What is needed => Using the data below, restate exactly every line from the one with "Simple Craft Kit- follow" up to and including the one with "#LTKFamily #LTKKids". No picture belongs in it.

++++ Given information ++++

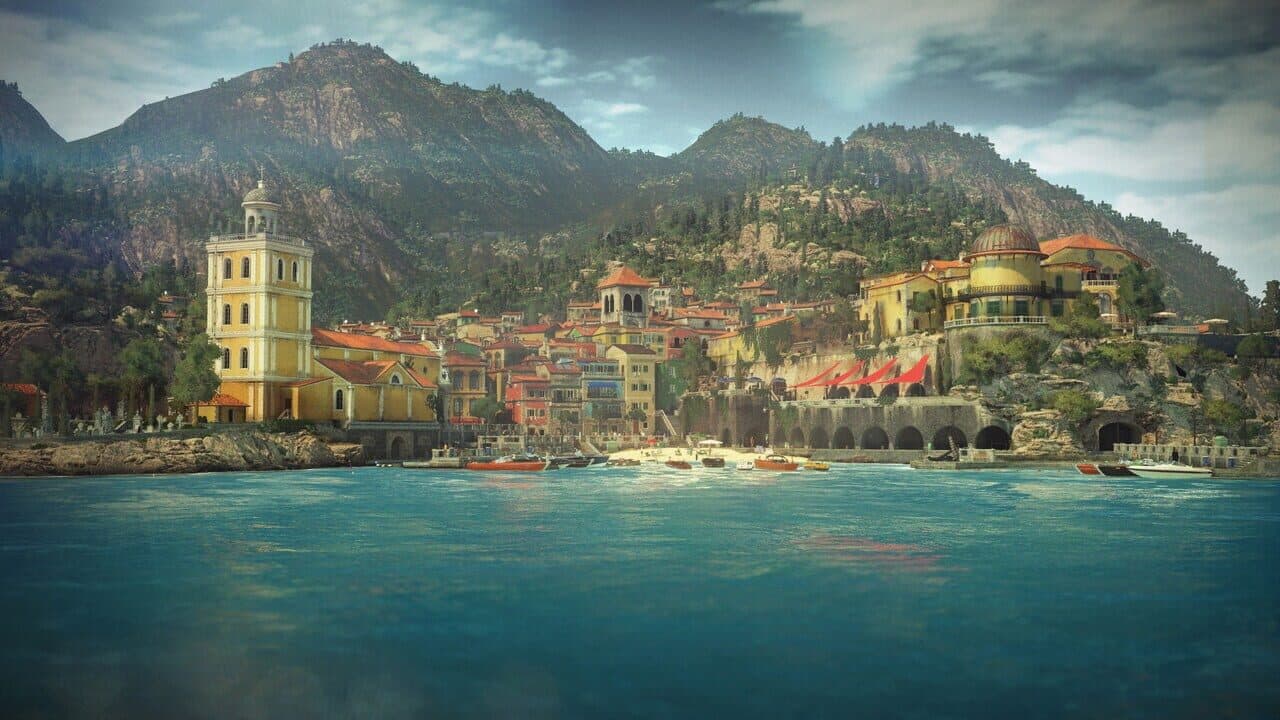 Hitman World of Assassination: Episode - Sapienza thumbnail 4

++++
++++ Given information ++++

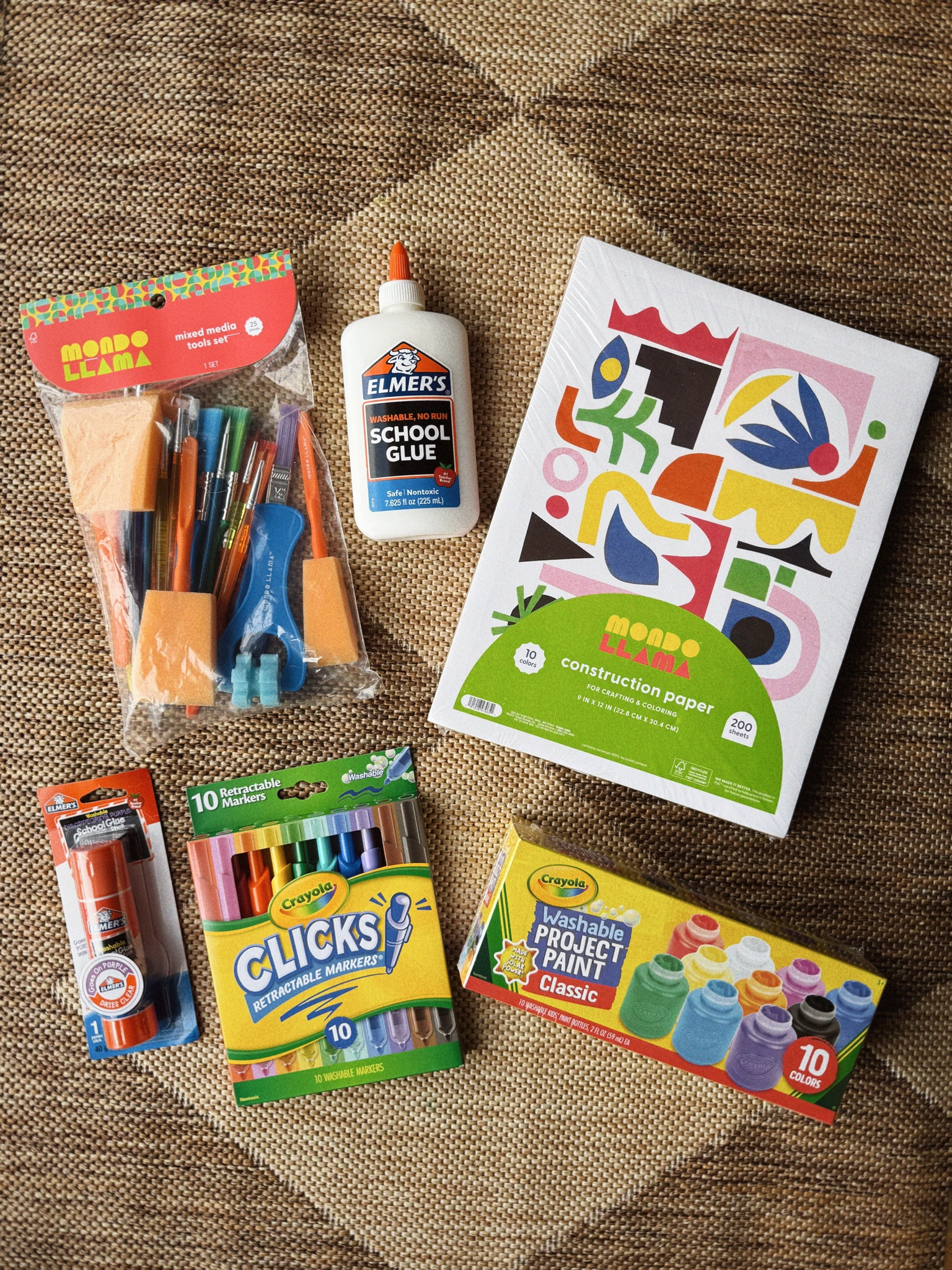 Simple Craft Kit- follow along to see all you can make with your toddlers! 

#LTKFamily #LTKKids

++++
++++ Given information ++++

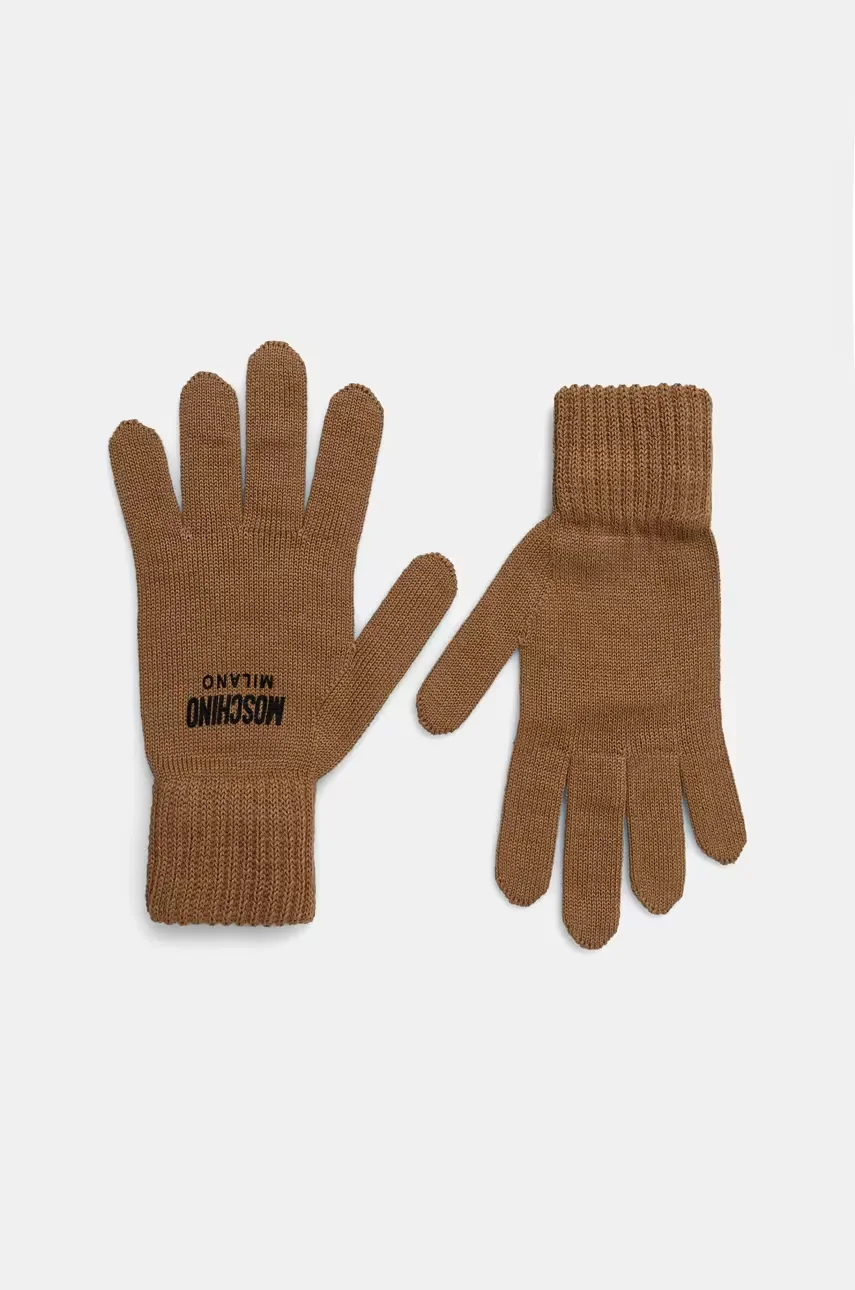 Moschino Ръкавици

++++

Response area =>
 Simple Craft Kit- follow along to see all you can make with your toddlers! 

#LTKFamily #LTKKids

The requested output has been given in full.